Germany's Turkish community is considering whether to launch a legal complaint against a far-right politician for dubbing them "camel herders" and "caraway traders."
The insults made by Andre Poggenburg, the head of the Alternative for Germany (AfD) Party in the state of Saxony-Anhalt, "show the level of the AfD," Gökay Sofuoğlu, the chair of the Turkish Community in Germany, was quoted by the Stuttgarter Zeitung newspaper as saying.
Poggenburg's party has "no inhibitions in making discriminatory and racist comments," Sofuoğlu said in an article posted online early Thursday.

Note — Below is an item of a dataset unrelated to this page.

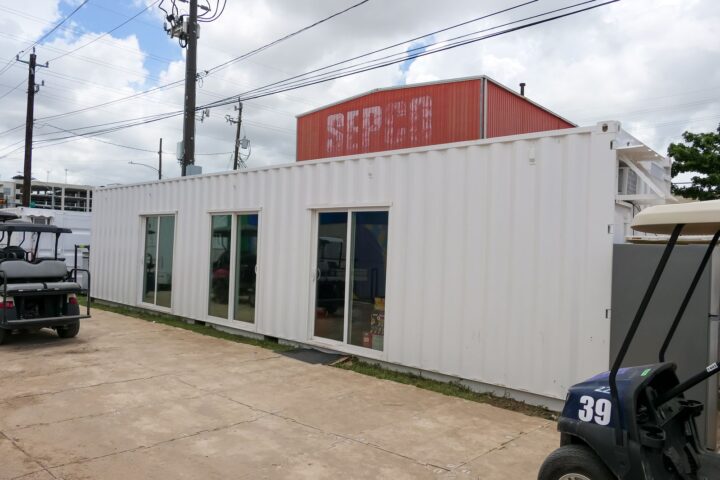 White 8 x 40 container office with sliding glass doors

Poggenburg was reacting to Turkish groups who oppose the concept of a new Home Ministry as proposed in the new German government coalition agreement, saying it harks back to the Nazi era and might divide the country rather than unite it.
But the plan is popular with the AfD, which bounced into the German Bundestag in last year's elections and has only seen its support grow amid political bickering by the more established parties.
"These caraway traders have the genocide of 1.5 million Armenians weighing them down ... and they want to tell us something about history and homeland? They're nuts. These camel herders should set off to where they belong," Poggenburg said on Wednesday.
He was referring to the World War I-era deaths of Armenians in Turkey, an event that has been recognized as a genocide by some countries, but has been rejected by Turkey, who, however, acknowledges there were casualties on both sides during the war.
From Turkey's perspective, the deaths of Armenians in eastern Anatolia in 1915 occurred after some Armenian nationalists sided with the invading Russians and revolted against the Ottoman army. The subsequent relocation of Armenians resulted in numerous casualties. Turkey describes the events of 1915 as a tragedy for both sides and Ankara has repeatedly proposed the formation of a joint commission of historians from Turkey and Armenia, along with international experts, to tackle the issue.
He also lashed out at dual citizenship for Germany's Turks, which he said results in nothing "but homeland and fatherland-less riff-raff."